Timothy Billiar, M.D.

Timothy Billiar, M.D.

John A. Barranger, M.D., Ph.D.

John A. Barranger, M.D., Ph.D.

Steven E. Reis, M.D.

$14.3 Million Federal Grant Fuels Cardiovascular Gene Therapy Program at the University of Pittsburgh

PITTSBURGH, January 2, 2001 — The University of Pittsburgh has received a five-year, $14.3 million federal grant for initiatives to treat cardiovascular diseases using gene therapy.
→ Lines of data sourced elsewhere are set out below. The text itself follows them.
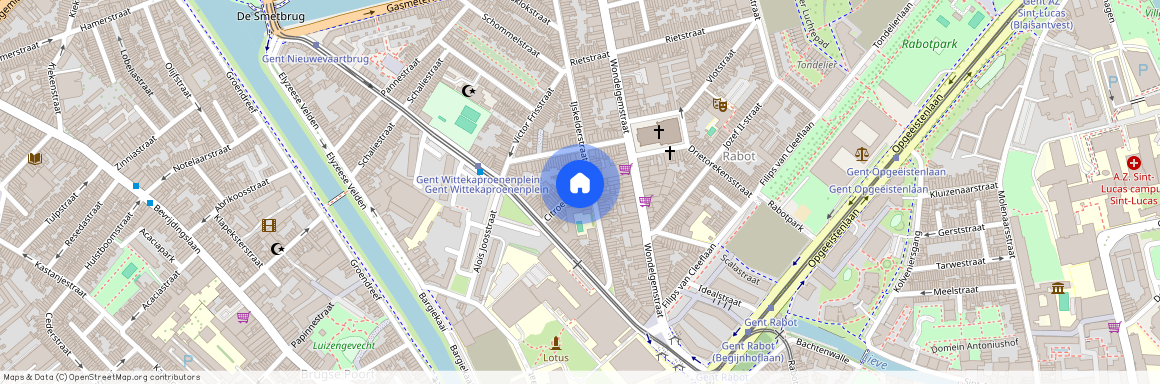 Citroenstraat, 30, 9000, Gent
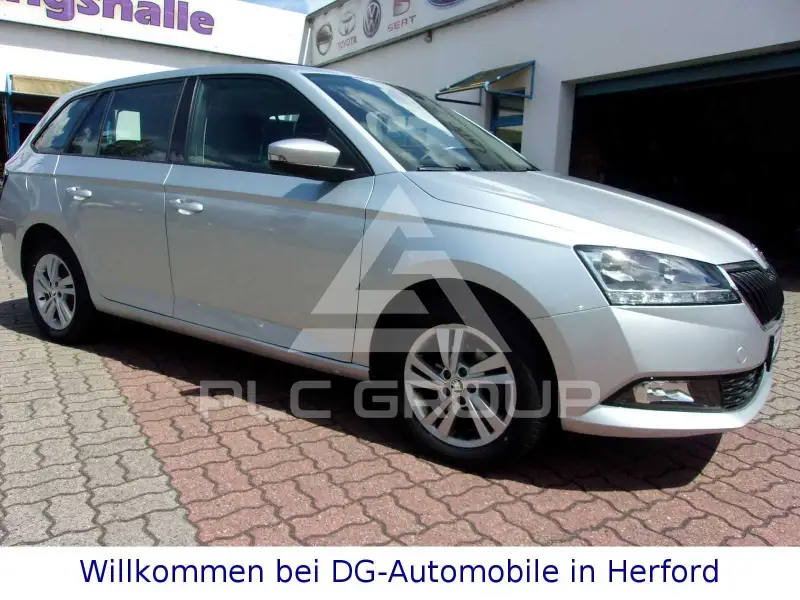 2021 Skoda Fabia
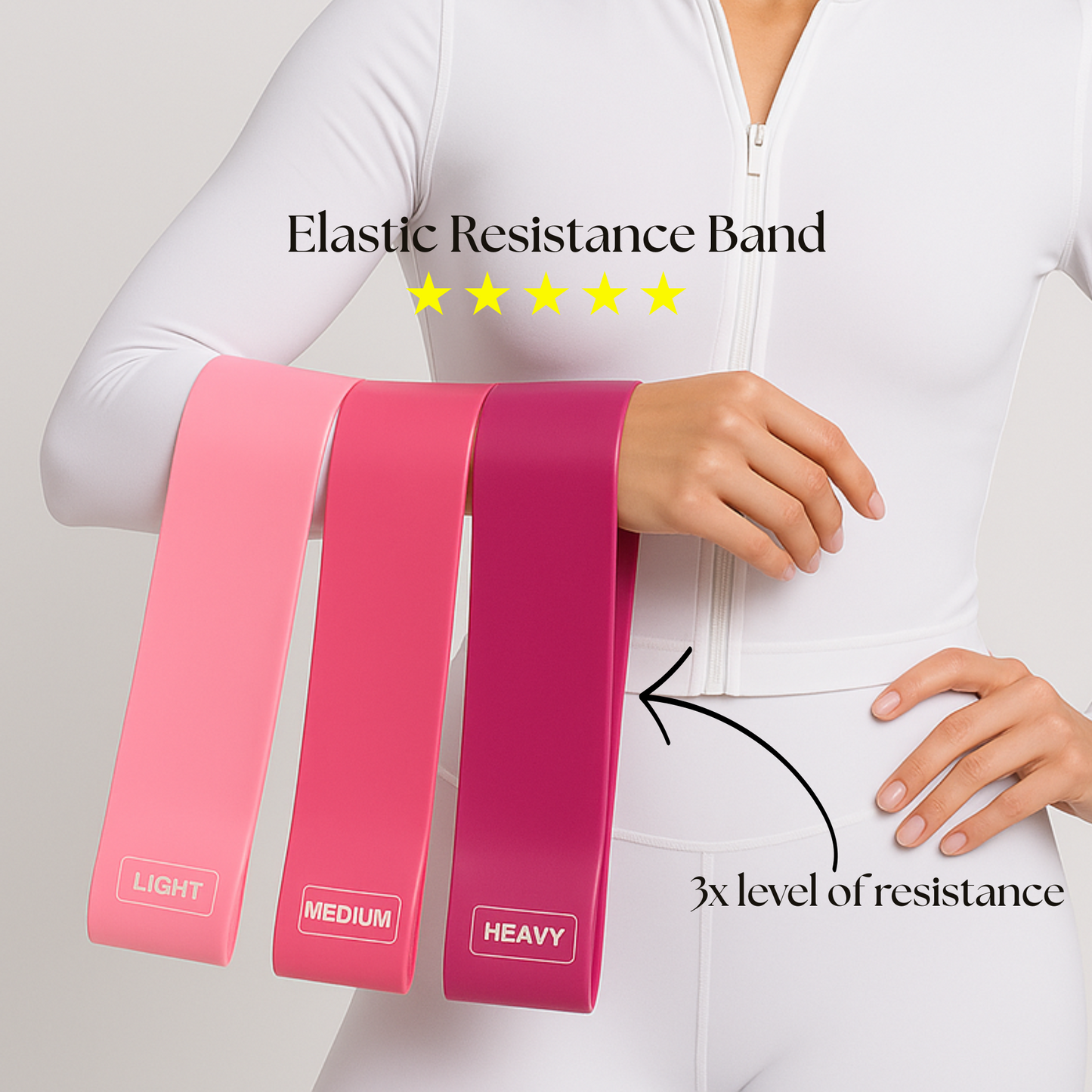Elastic Resistance Band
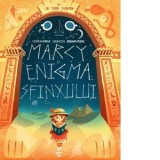 Marcy si enigma sfinxului - Petru Aron Costeschi, Joe Todd-Stanton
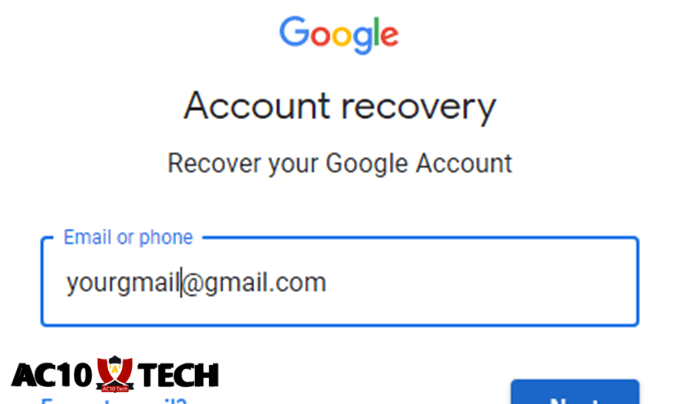 Cara Login Gmail Tanpa Verifikasi No HP 2026 3 Cara Login Gmail Tanpa Verifikasi di HP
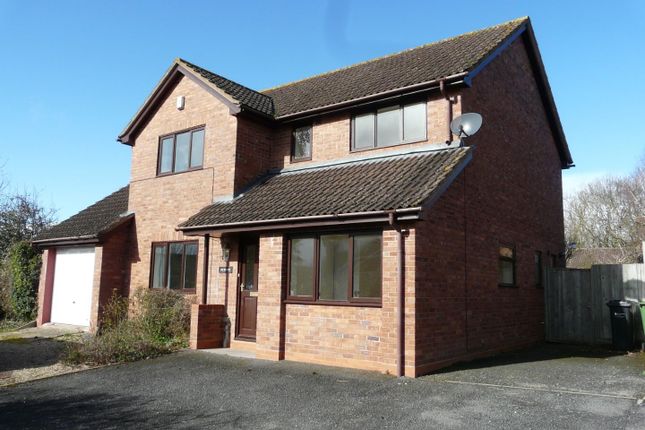 Thumbnail Property to rent in The Beeches, Withington, Hereford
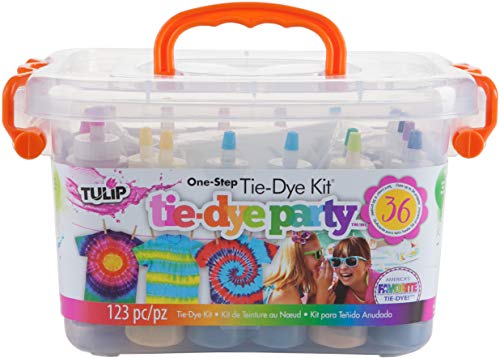 Tulip One-Step Tie-Dye Big Box Kit-Pool Party -34723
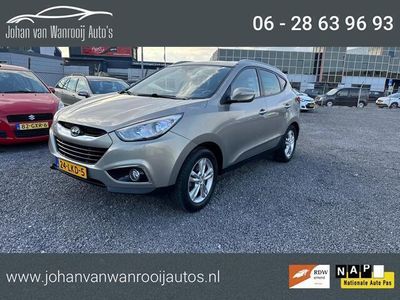 tweedehands Hyundai ix35 2.0i Style/CLIMA/AUTOMAAT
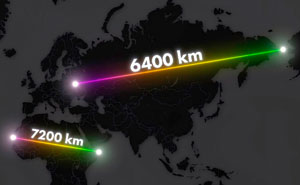 Person Wonders Why Some Bigger Countries Look Small On Maps, People Explain It To Him Like He’s 10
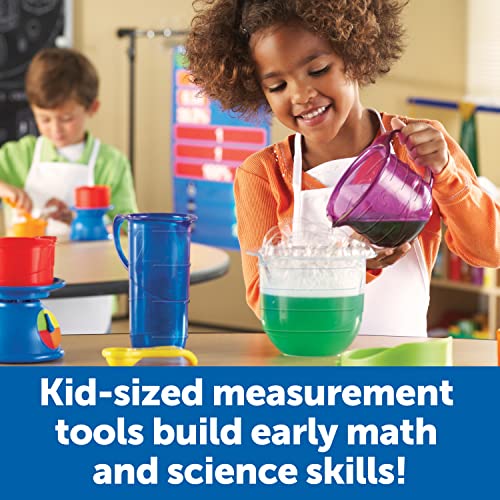 Mix and Measure Activity Set - Science Experiments, Ages 3+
The grant, from the National Heart, Lung and Blood Institute (NHLBI), establishes the Cardiovascular Gene Therapy Center to focus on clinical and laboratory studies on the number one health threat in this country. It also designates Pitt's Human Gene Therapy Applications Laboratory as the only national facility for producing vectors, or gene transport systems, used in all future NHLBI-funded clinical gene therapy studies, and provides for training of future clinicians/scientists in the latest gene therapy technologies and procedures.

The grant is the largest of only four awarded nationally by the NHLBI.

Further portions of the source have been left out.